En annexe, six pages de tableau chronologique des voyages cités et plus de 650 références bibliographiques, soit trente ans de recherche synthétisés en quelques pages. « On parle ici d’écritures : plus que les voyages ou les récits de voyage, ce sont les textes produits à l’occasion de leurs déplacements par ceux qui ont su les comprendre et les écrire, qui sont examinés dans le rapport entre la création et la société, comme forme saisie dans son intention humaine et liée ainsi aux grandes crises de l’Histoire (Roland Barthes) », selon les mots du préfacier Marc Cheymol, spécialiste de littérature comparée.

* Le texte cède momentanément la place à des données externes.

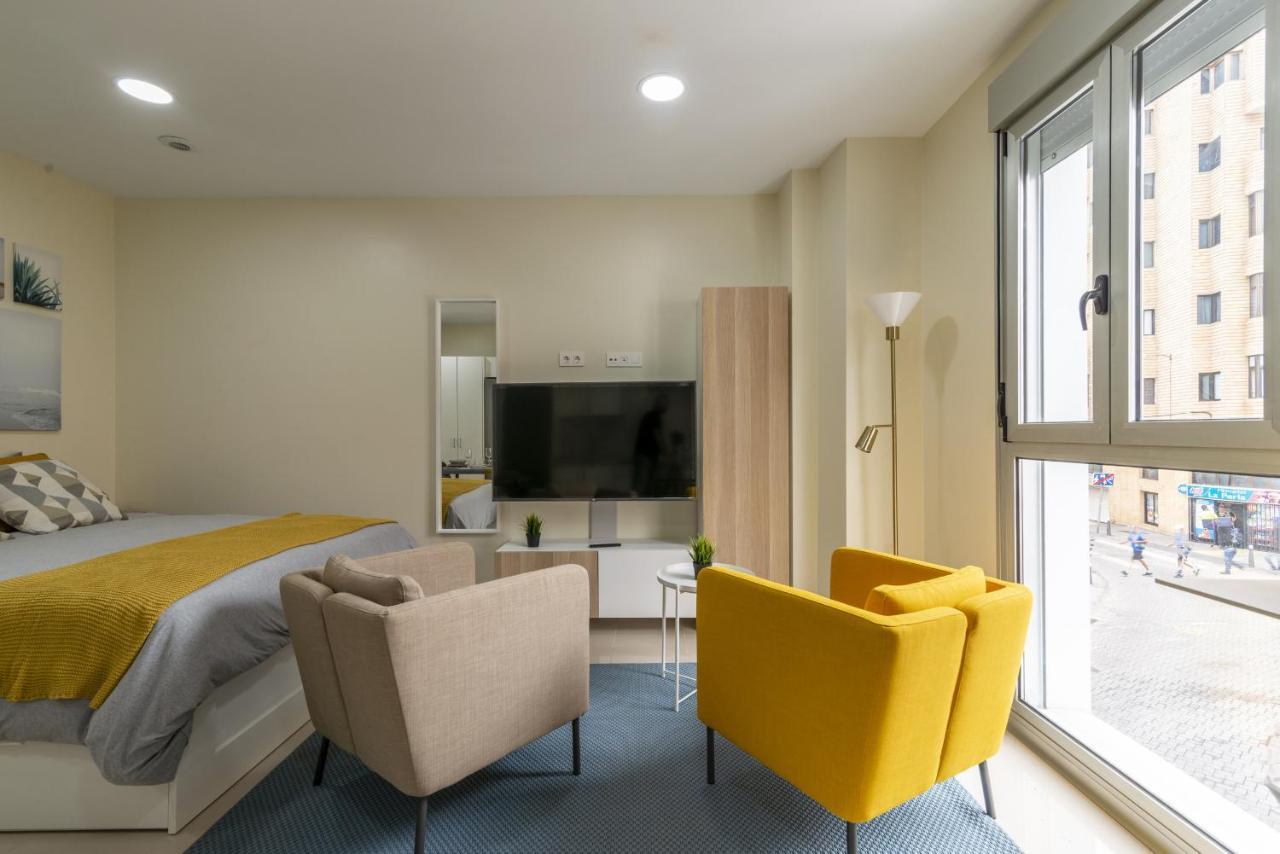 Nuevos Lightbooking Livian Suites Las Palmas Dış mekan fotoğraf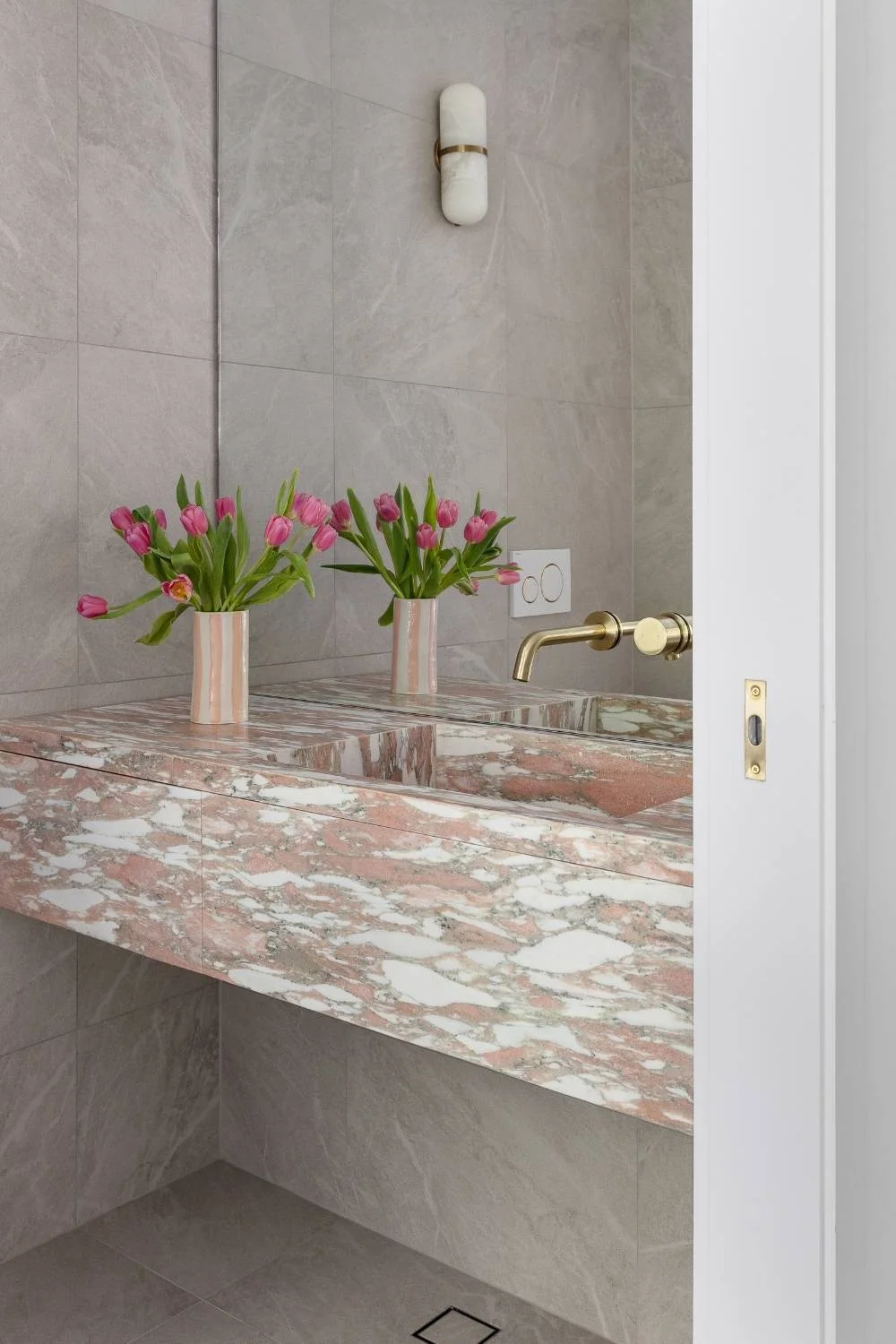 Brass Finishes Brushed Brass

« Tous ces témoignages écrits pour conserver la mémoire d’expériences exceptionnelles (…), sont reliés par le fil symbolique de l’ailleurs, révélateur tout à la fois de tensions et de contradictions, de peurs et de rêves, d’un élargissement du monde et d’un questionnement personnel, qui ouvrent la voie à la modernité et orientent le canon littéraire européen vers des formes et des objets nouveaux », affirme l’auteur.

Paolo Carile, Écritures de l’ailleurs. Négociants, émigrés, missionnaires et galériens, Paris, L’Harmattan, Rome, TAB, 2021, 312 pages.